Next Cohort Begins January 2020

Apply Today for the 2020 Cooperative Leadership Intensive!

Join members of NYC co-ops and solidarity economy enterprises for a 5-day deep dive into how we work—individually, collectively, and in community. With curriculum developed in partnership with the Philadelphia Area Cooperative Alliance and delivered by skilled and seasoned facilitators, participants will learn how to:

  • Identify, analyze, and respond to how does power operate in our organizations and our society
  • Effectively relate and respond to our individual needs as leaders
  • Respond to white supremacy, patriarchy, ableism, and oppression showing up in our organizations and leadership
  • Deepen understanding and knowledge of the unique qualities needed for a cooperative leader
  • Identify, address, and prevent burnout in ourselves and our organizations
  • Use somatic tools to support healthy group functioning
  • Deepen democratic decision-making
  • Gain understanding and awareness of different kinds of leadership styles and personalities, and how to best make use of them in a team
  • Deepen conflict resolution skills
  • Gain a deeper understanding and analysis of the ways co-ops, gardens, and solidarity enterprise can effectively integrate with social movements

The CLI will be held over the following dates: January 18th-January 19th, February 17th-February 18th, and March 7th.

Facilitators

Lauryl Berger-Chun is a worker-owner at a Bookkeeping Cooperative (ABC) and a Receiving Coordinator at the Park Slope Food Coop. She has organizing experience with student, food, and worker cooperatives and is a trained peer advisor who supports solidarity economy groups with research, technical assistance, and facilitation. 

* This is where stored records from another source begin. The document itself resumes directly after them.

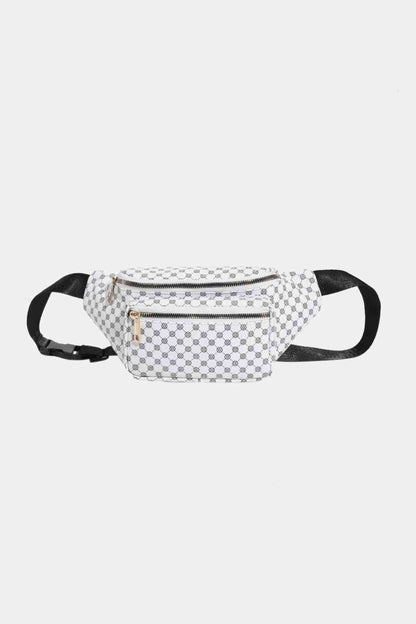 Printed PU Leather Sling Bag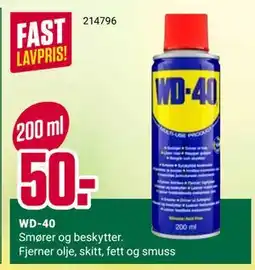Europris WD-40 tilbud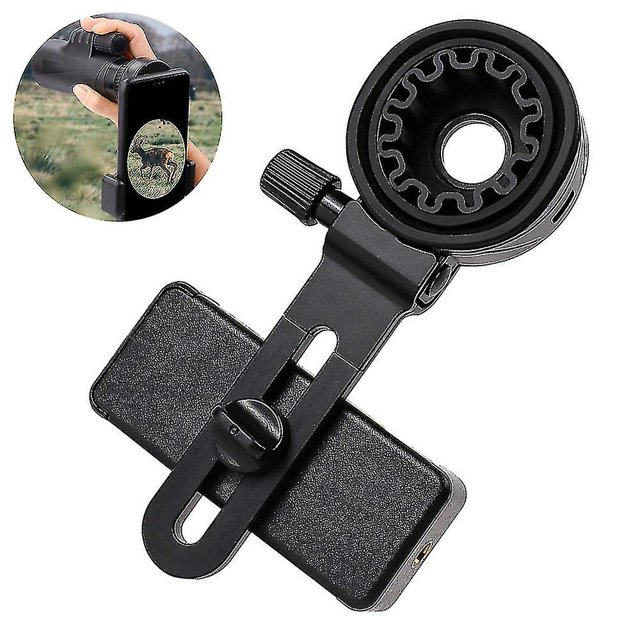 Telescope Phone Adapter, Universal Cell Phone Mount Compatible Binoculars, Monocular, Microscope, Spotting Scope, Telescope, Smartphone Holder Clip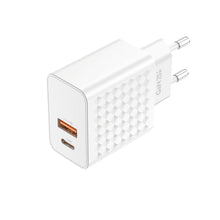 Заредете изображение във визуализатора на галерията – Foneng Wall charger EU42 GaN - USB + Type C - PD 20W 3A white
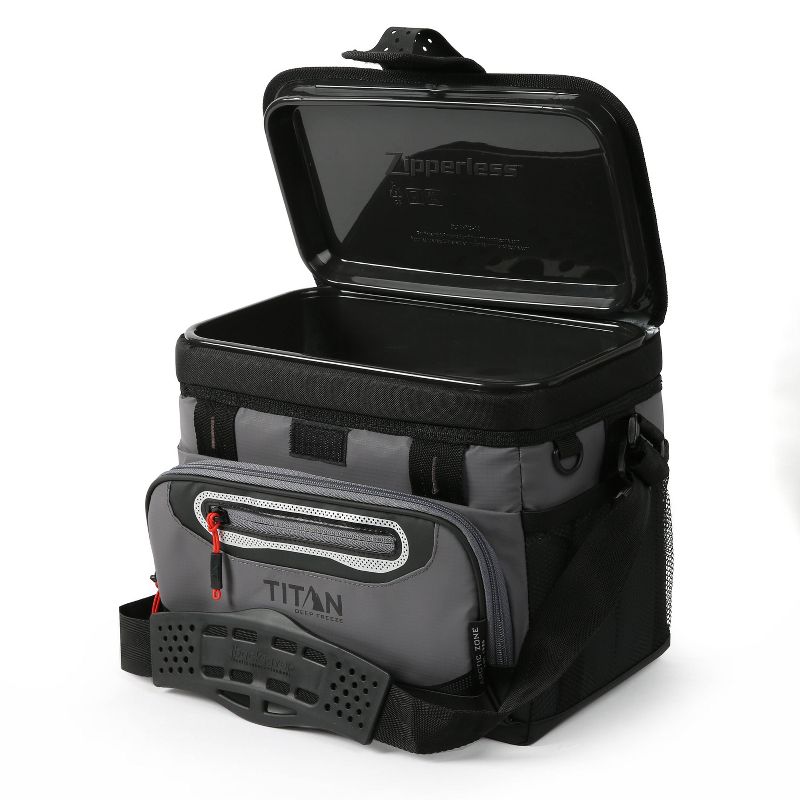 California Innovations Titan Deep Freeze 8qt Zipperless HardBody Cooler - Gray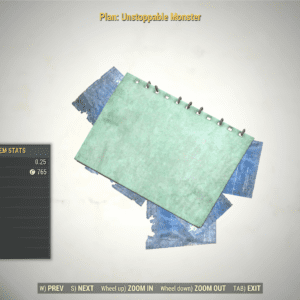 Screenshot of a Fallout 76 item for PC & Steam players, showing the stats.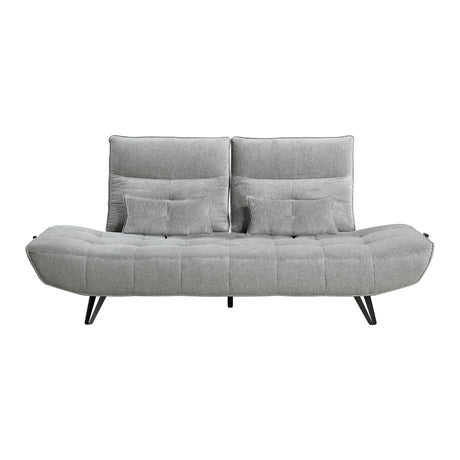 Quonsett Gray Sofa with Power Adjustable Seat from Homelegance - Luna Furniture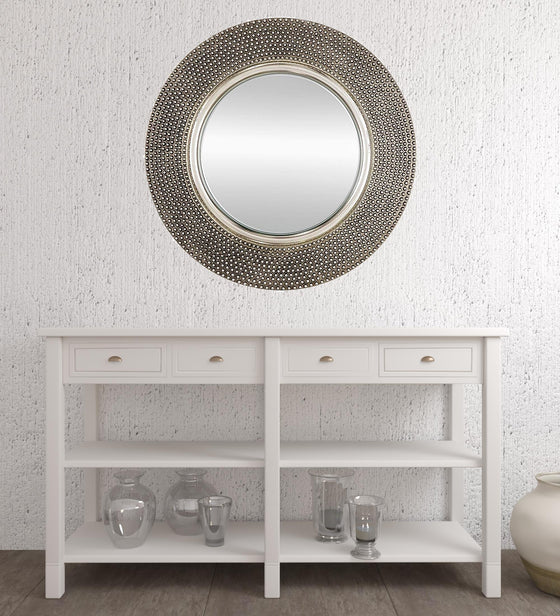 32" D Round Wall Mirror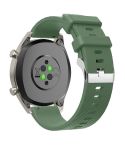 20mm Twill Silicone Watch Band(Green)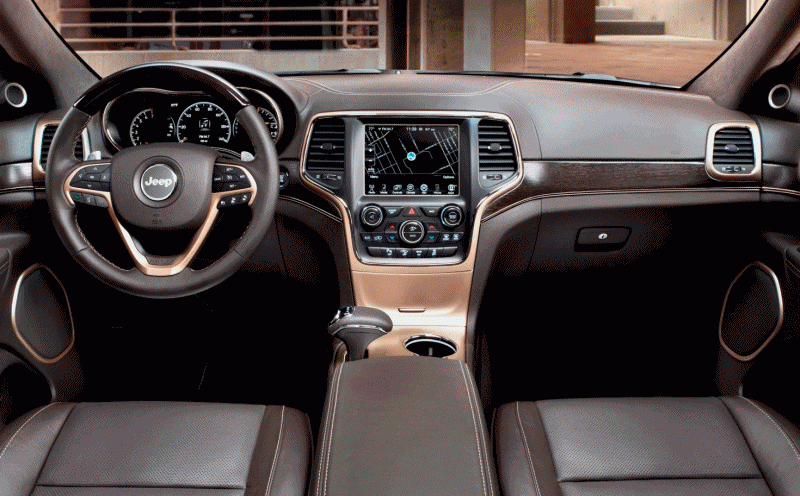 2014 Jeep Grand Cherokee Summit INTERIORS GIF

Lauren Hudson has been a member of SolidarityNYC since 2012. She is currently a doctoral student in Earth and Environmental Sciences at CUNY Graduate Center where she writes about anti-capitalist organizing among women in NYC. Her research interests concern how economic subjectivities are created between and among those who perform the majority of SE labor, how their narratives of the solidarity economy cohere and diverge from dominant SE discourses, and how such discourses create a sense of ‘movement space.’ A native Californian, Lauren now lives in Brooklyn where she tweets about the Solidarity Economy and bad TV at @blactivist. 

Emilie Miyauchi has over ten years of experience working with grassroots food, agricultural, and environmental justice organizations in Baltimore, the Hudson Valley, and NYC. She has shared in the successes and struggles of communities building their own responses to no or dissatisfactory food choices – starting gardens, CSAs, farmers markets, and teaching ancestral food practices – building a food system by and for community. Her work in NYC community food systems has included managing Just Food’s CSA and Farm Network. While stewarding the Network she worked on particular initiatives to develop shared resources, peer mentorship opportunities, and deepen collaboration between groups. She worked in coalition with regional CSA network leaders, farmers, and advocates to develop the Charter of CSA for the US and Canada with the goal of protecting the CSA model from cooption and grounding it in principles of justice.